**WORK TASK**
Although the data below contains pictures, output only the lines between those holding "sund kvinde vandrer og spiser kiwi" and "Close-up of a", inclusive, exactly and without those pictures.

**TASK MATERIAL**
Start of Block

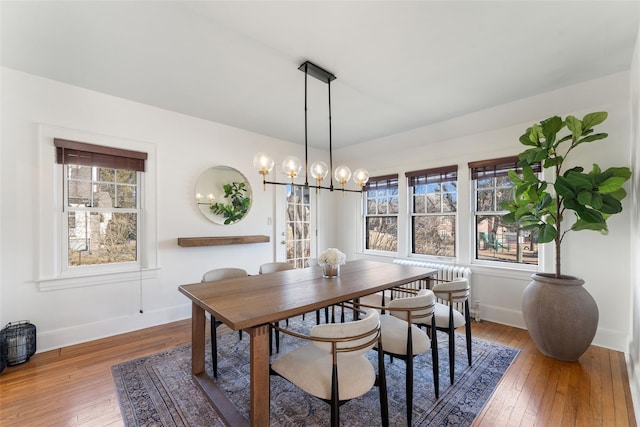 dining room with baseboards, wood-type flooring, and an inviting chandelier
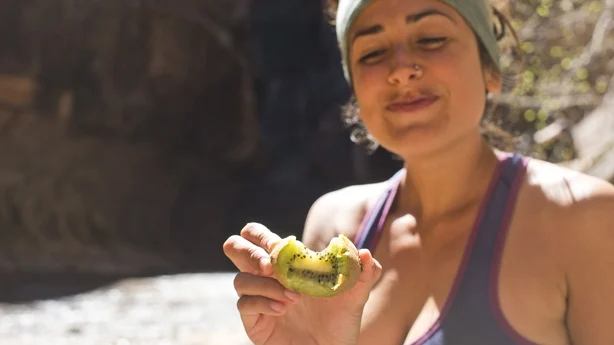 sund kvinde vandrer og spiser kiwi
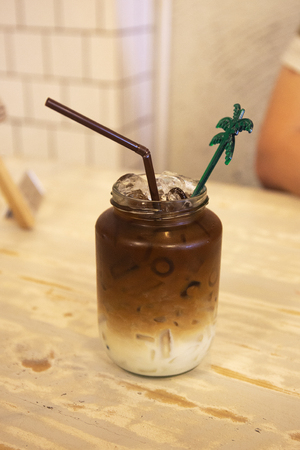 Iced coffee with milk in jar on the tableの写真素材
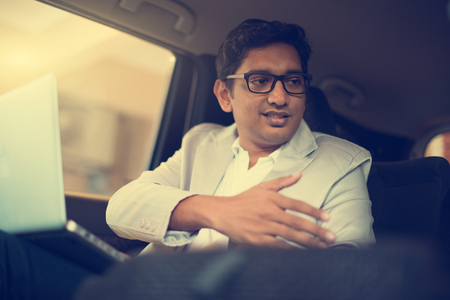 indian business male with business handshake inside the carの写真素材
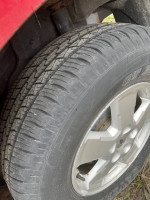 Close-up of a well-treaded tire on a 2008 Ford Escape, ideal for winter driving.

End of Block
Start of Block

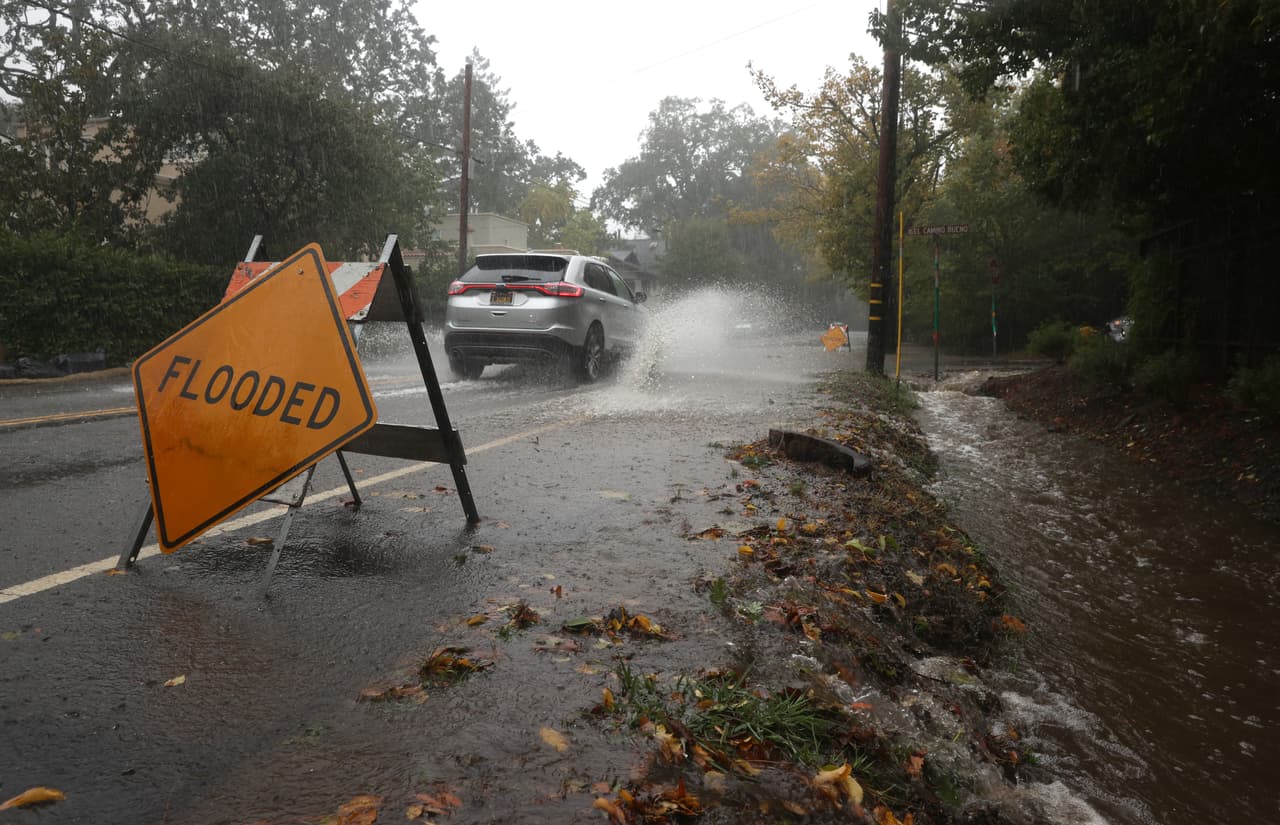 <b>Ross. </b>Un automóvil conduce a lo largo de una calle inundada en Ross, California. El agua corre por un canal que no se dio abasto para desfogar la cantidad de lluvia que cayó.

End of Block
Start of Block

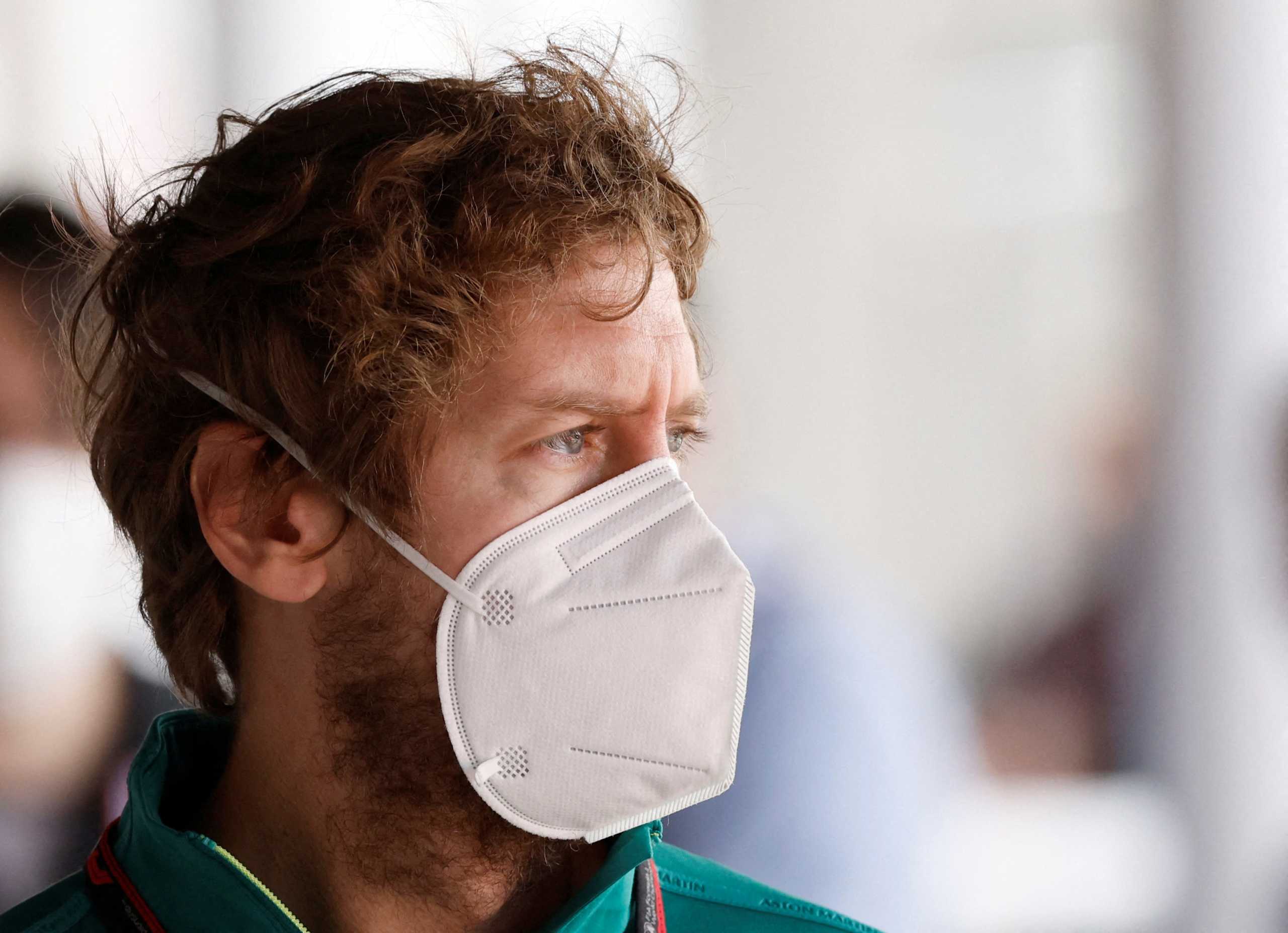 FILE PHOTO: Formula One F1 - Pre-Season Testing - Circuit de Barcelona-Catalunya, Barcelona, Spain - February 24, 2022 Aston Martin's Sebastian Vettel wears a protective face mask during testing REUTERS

End of Block

**SOLUTION BELOW**
 sund kvinde vandrer og spiser kiwi
 Iced coffee with milk in jar on the tableの写真素材
 indian business male with business handshake inside the carの写真素材
 Close-up of a well-treaded tire on a 2008 Ford Escape, ideal for winter driving.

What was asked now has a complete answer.